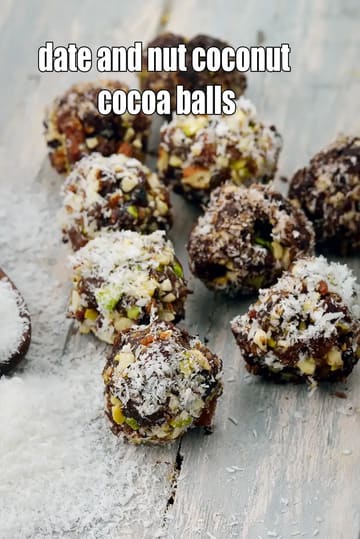 date and nut coconut cocoa balls recipe | healthy date and coconut balls | choco coconut energy balls | date balls healthy Indian dessert |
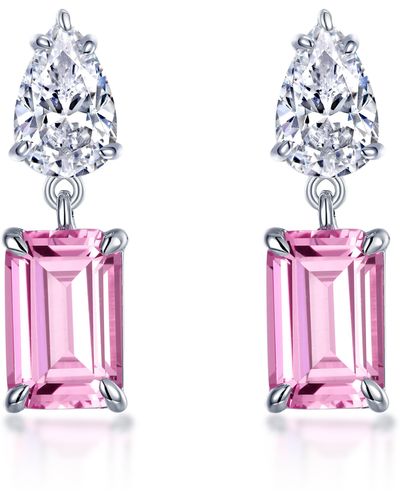 Lafonn Lab Created Sapphire Drop Earrings - Pink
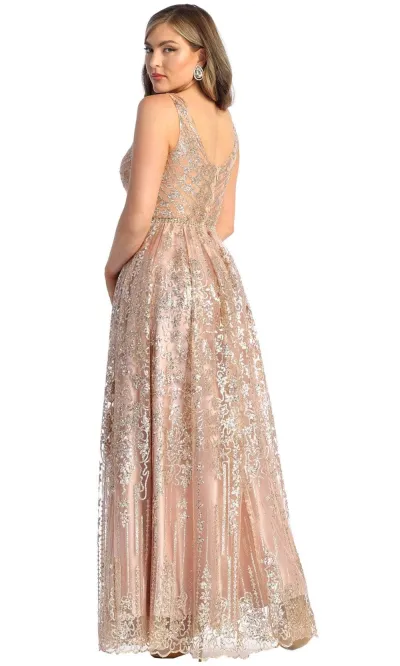 Vestido de gala color Rosegold semi-transparente decorado con apliques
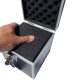 ECI Aluminium Koffer Schwarz Würfelform 20  x 20 x 20 cm mit Rasterschaum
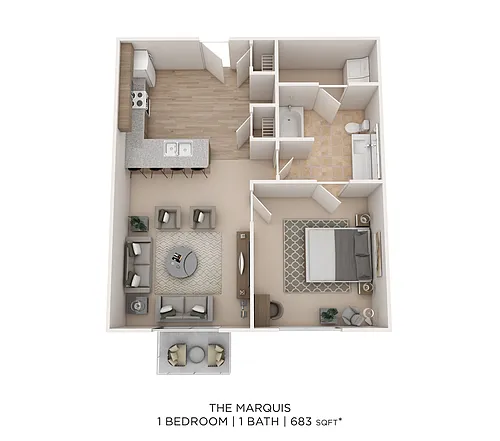 Floor plan Marquis C - 1 Bed 1 Bath 683 sqft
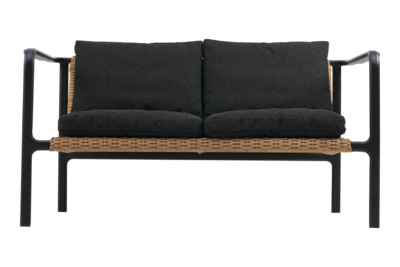 Motty 2-seater sofa Black/Teddy Black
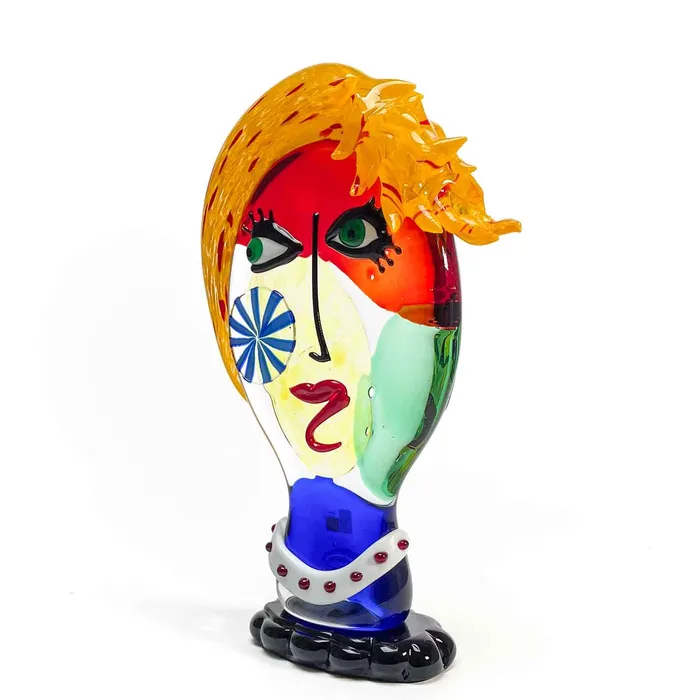 Murano glass Woman Head Tribute to Picasso Vetreria Badioli Earrings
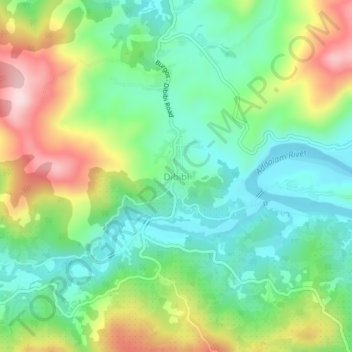 Mapa topográfico Dibibi, altitude, relevo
================
▶ THE TASK
Output each entry above word for word. The pictures stay out.

▶ REPLY TO THE TASK
 date and nut coconut cocoa balls recipe | healthy date and coconut balls | choco coconut energy balls | date balls healthy Indian dessert |
 Lafonn Lab Created Sapphire Drop Earrings - Pink
 Vestido de gala color Rosegold semi-transparente decorado con apliques
 ECI Aluminium Koffer Schwarz Würfelform 20  x 20 x 20 cm mit Rasterschaum
 Floor plan Marquis C - 1 Bed 1 Bath 683 sqft
 Motty 2-seater sofa Black/Teddy Black
 Murano glass Woman Head Tribute to Picasso Vetreria Badioli Earrings
 Mapa topográfico Dibibi, altitude, relevo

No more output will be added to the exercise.